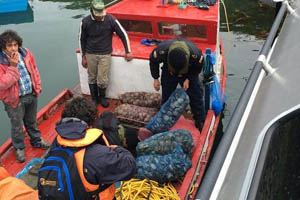 Importantes incautaciones de recursos marinos en Tierra del Fuego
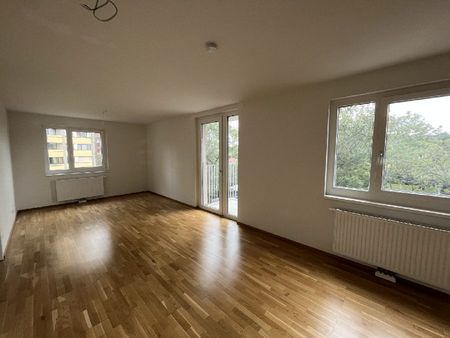 WINTERAKTION – Erster Monat Mietfrei! Helle 2-Zimmer-Wohnung mit Balkon! - Photo 4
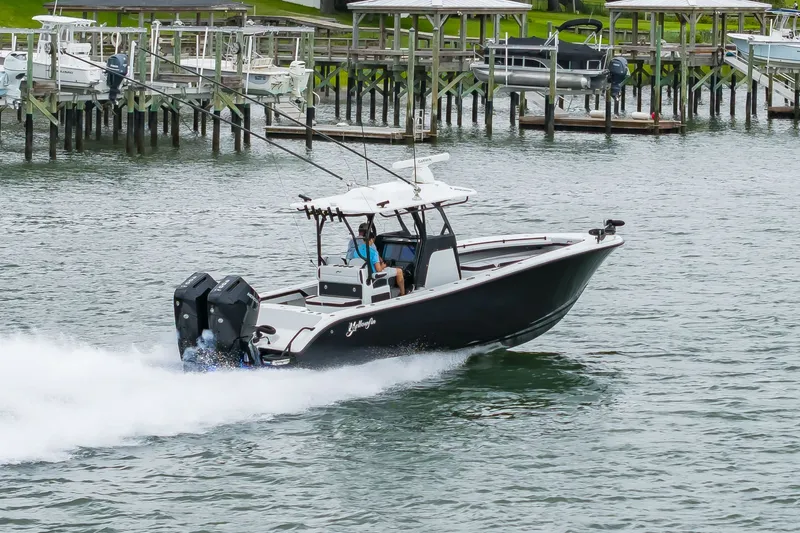 Slide: The Image of 32Yellowfin2025_046 - 7141652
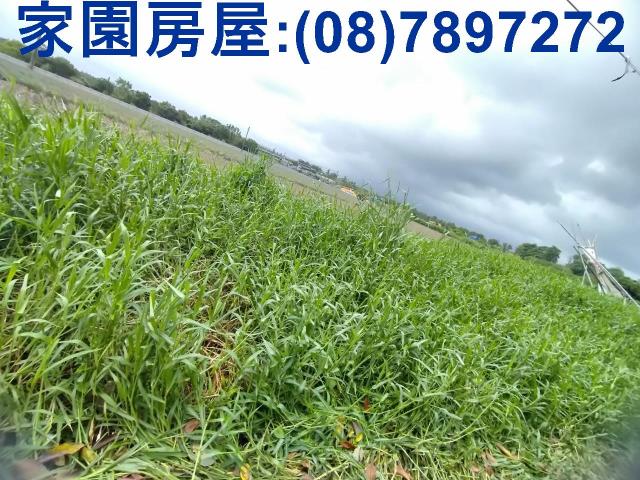 屏東潮州農地-0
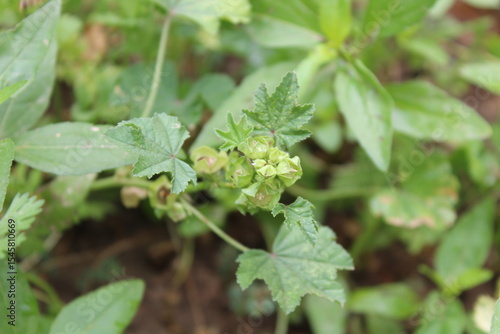 Malva parviflora, Cheeseweed or small mallow green plant, seeds and flowers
========
Pictures excluded, return exactly the lines from the one with "WINTERAKTION – Erster" through the final line of the entries above, both included.

• SOLUTION:
 WINTERAKTION – Erster Monat Mietfrei! Helle 2-Zimmer-Wohnung mit Balkon! - Photo 4
 Slide: The Image of 32Yellowfin2025_046 - 7141652
 屏東潮州農地-0
 Malva parviflora, Cheeseweed or small mallow green plant, seeds and flowers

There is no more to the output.